According the data, population health is represented by injuries and deaths. The data was splitted based on the storm type and the sum the total numbers of both aspects was calculated. The results for the top 5 storm types for each category are shown in the form of bar plots.
# Injuries
inj <- aggregate(INJURIES ~ EVTYPE, data = storm, FUN = sum)
inj<- inj[order(inj$INJURIES, decreasing = TRUE), ]
top.inj <- inj[1:5, ]
# Fatalities
death <- aggregate(FATALITIES ~ EVTYPE, data = storm, FUN = sum)

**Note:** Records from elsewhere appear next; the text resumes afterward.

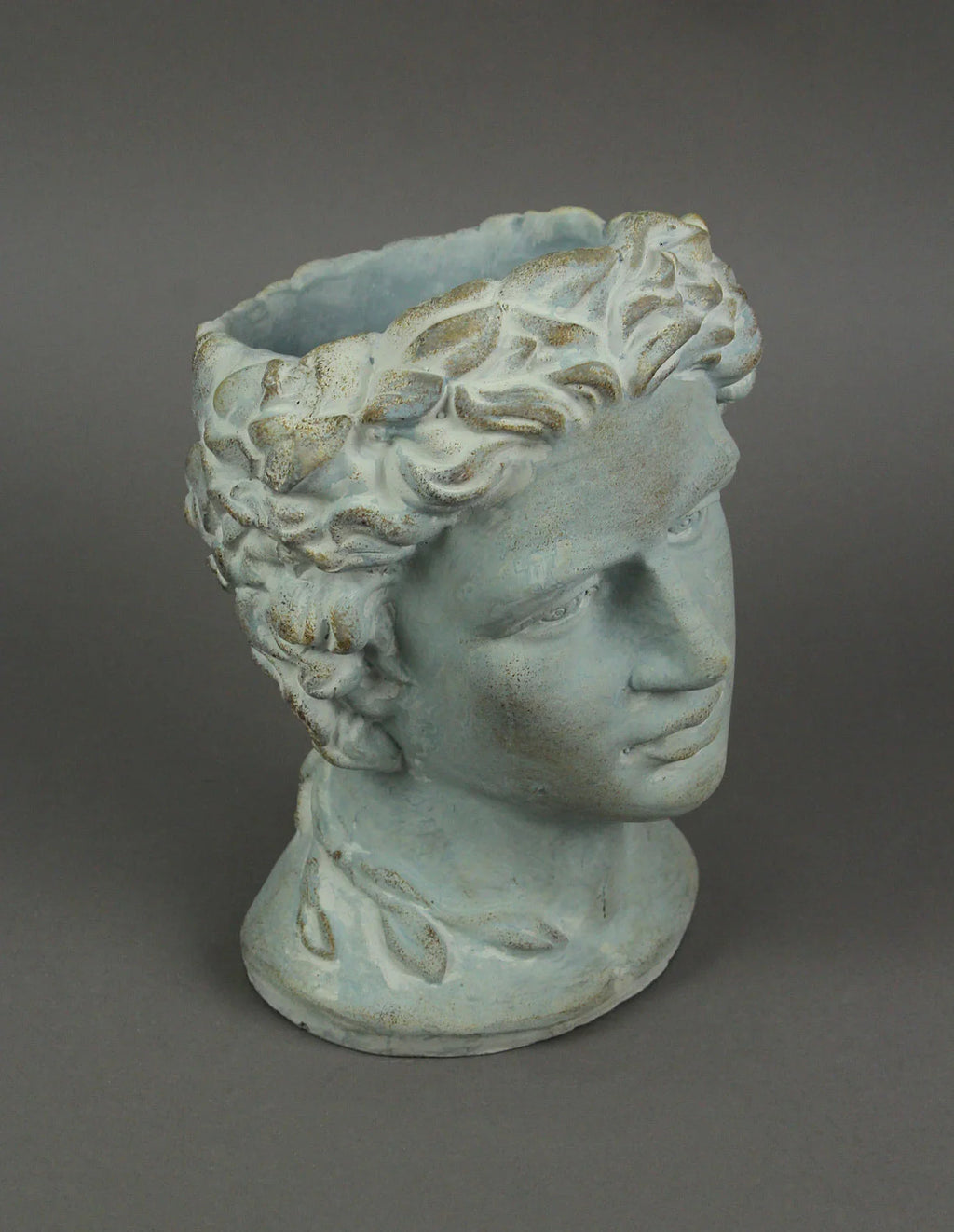 Mayrich Gray Cement Greek Warrior Bust Planter  9.25 in x, 6.75 in x 7.25 in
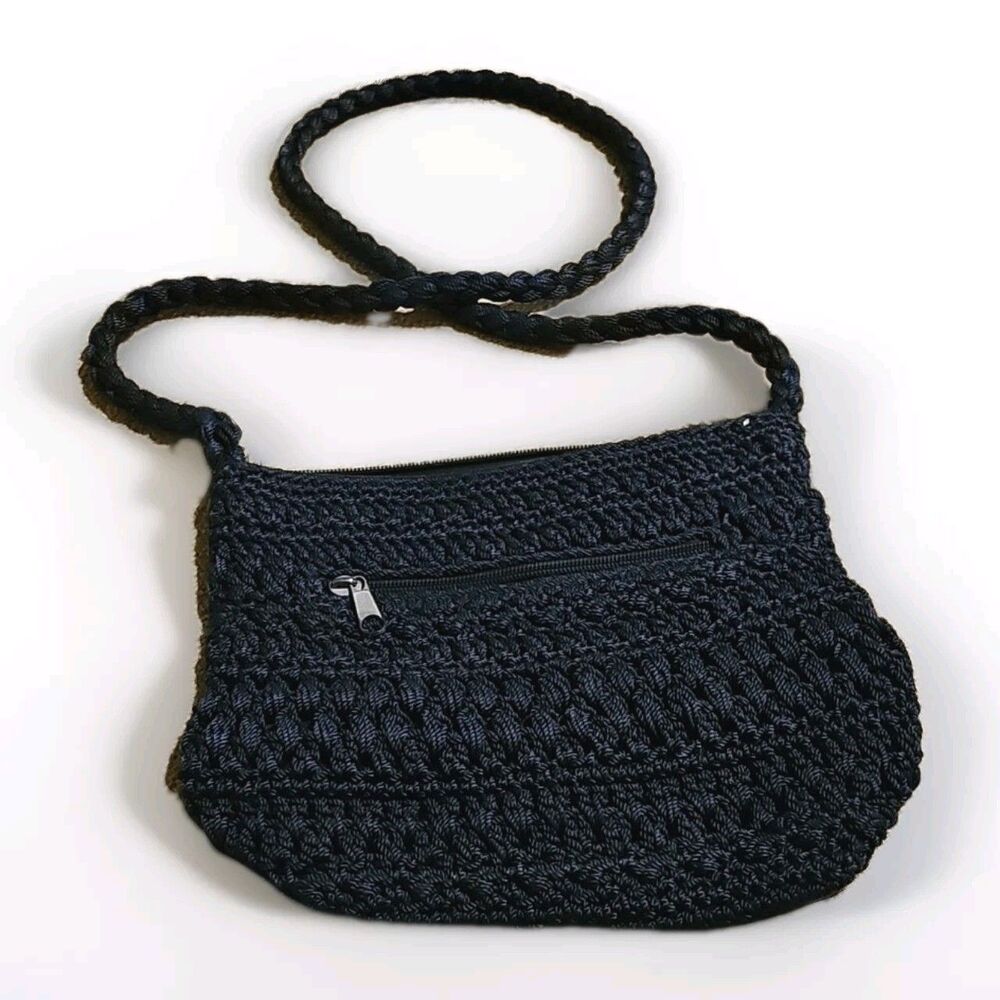 Lina Gimp Crochet Handbag Navy Blue Double Handle 5 Compartment Shoulder Bag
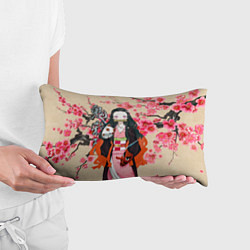 Подушка-антистресс Незуко Камадо под сакурой, цвет: 3D-принт — фото 2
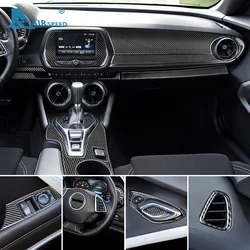 Embellecedor Interior de coche de fibra de carbono Real para Chevrolet Camaro 2016, 2017, 2018, 2019, 2020, 2021, 2022, accesorios de pegatina roja y negra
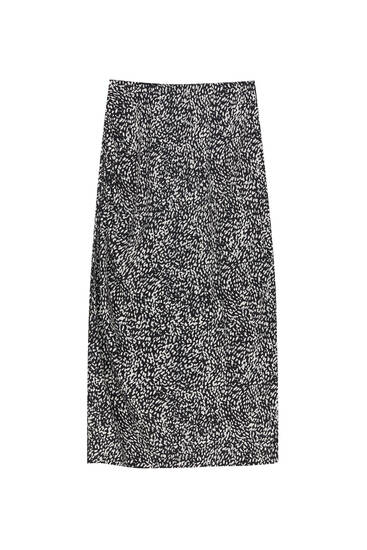 Printed midi skirt with side slit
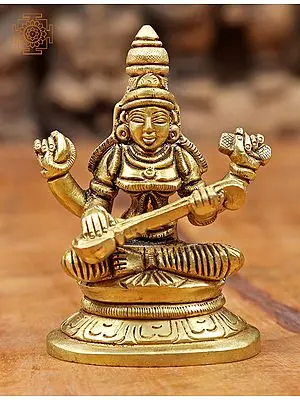 3" Goddesss Saraswati (Small) In Brass | Handmade | Made In India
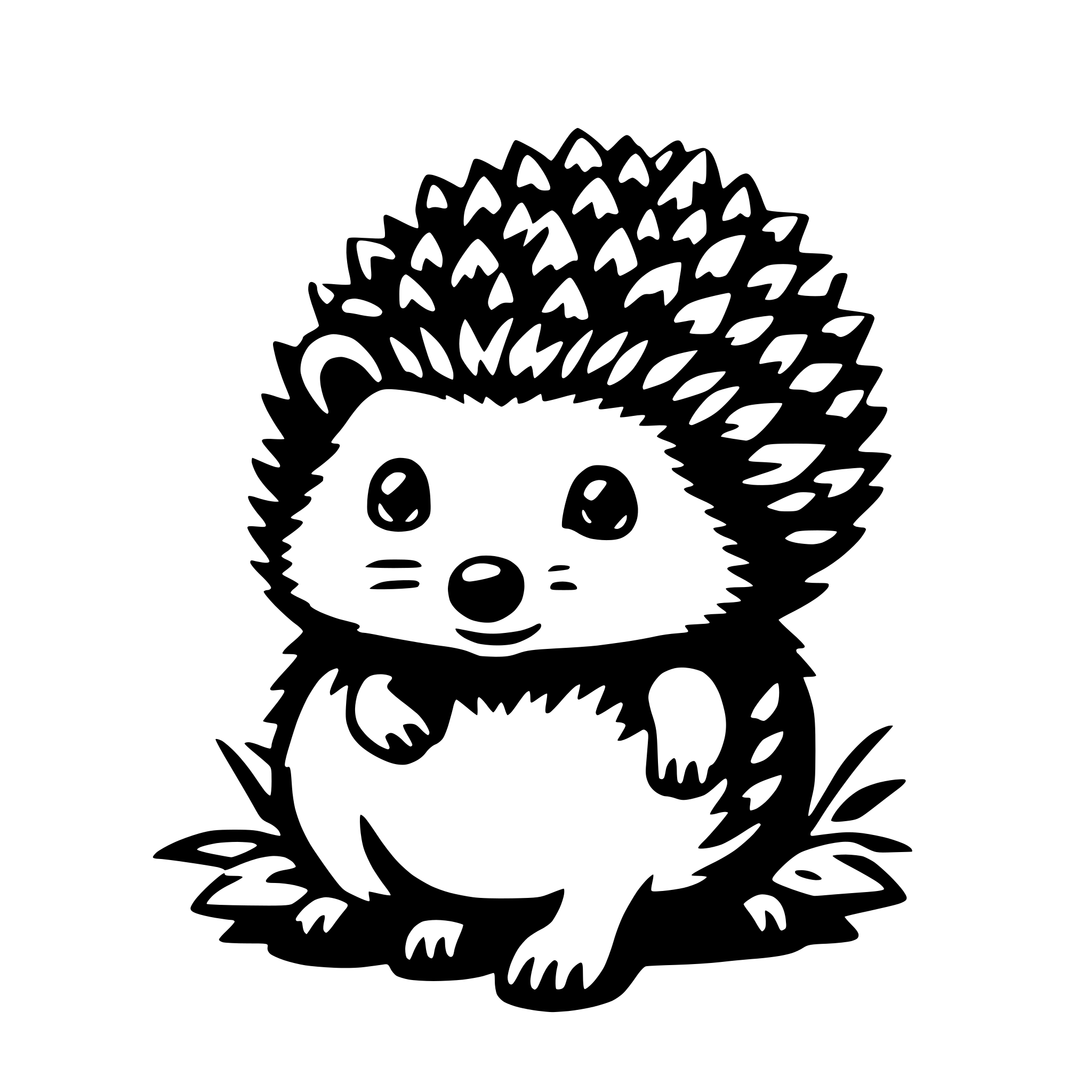 AI-generated SVG of 'hedgehog with mushroom'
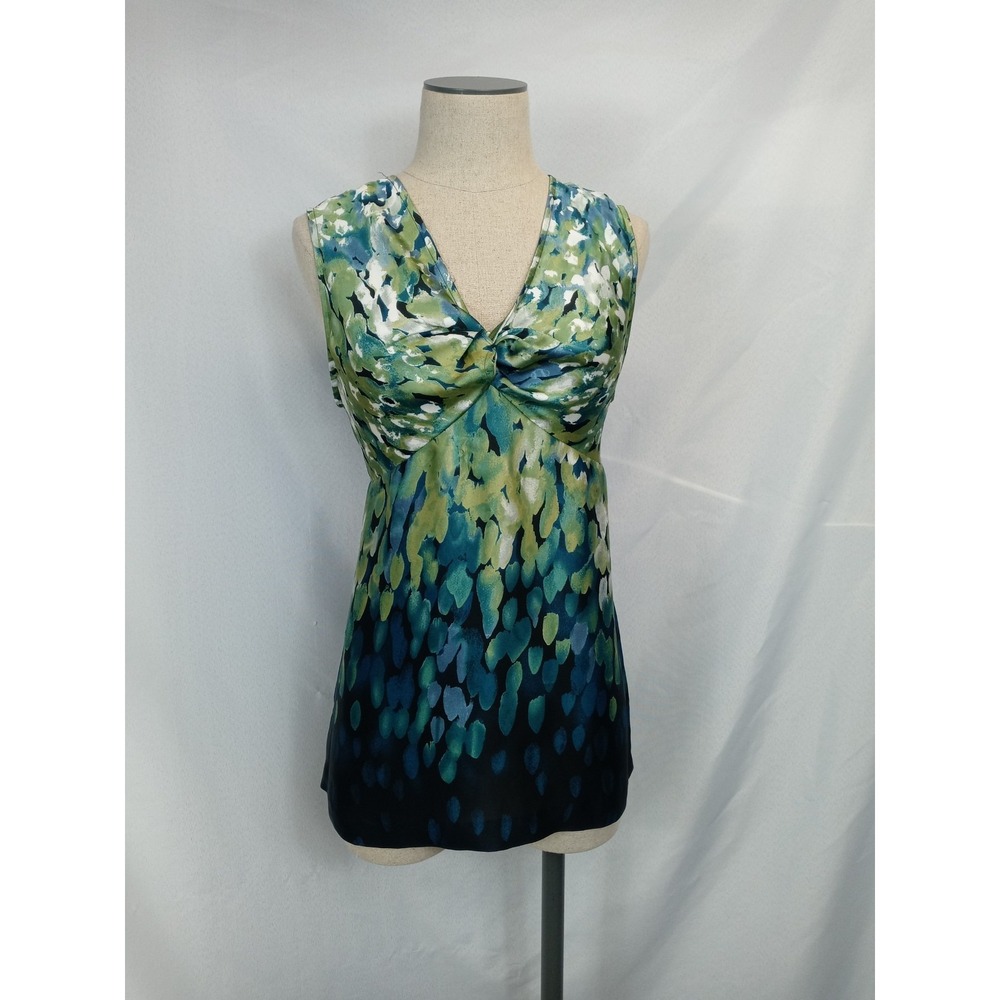 Axcess Top Blouse Womens Large Green Blue Abstract Sleeveless V-Neck Twisted Bus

death <- death[order(death$FATALITIES , decreasing = TRUE), ]
top.dd <- death[1:5, ]
#draw plots
par(mfrow= c(1,2))
barplot(top.inj$INJURIES, names.arg = top.inj$EVTYPE,
main = "Number of Injuries Per Storm Type", xlab = "Event",
ylab = "Number of Injuries", col= "blue", las = 2)
barplot(top.dd$FATALITIES, names.arg = top.dd$EVTYPE,
main = "Number of Death Per Storm Type", xlab = "Event",
ylab = "Number of Death", ylim = c(0,6000),col= "blue", las = 2)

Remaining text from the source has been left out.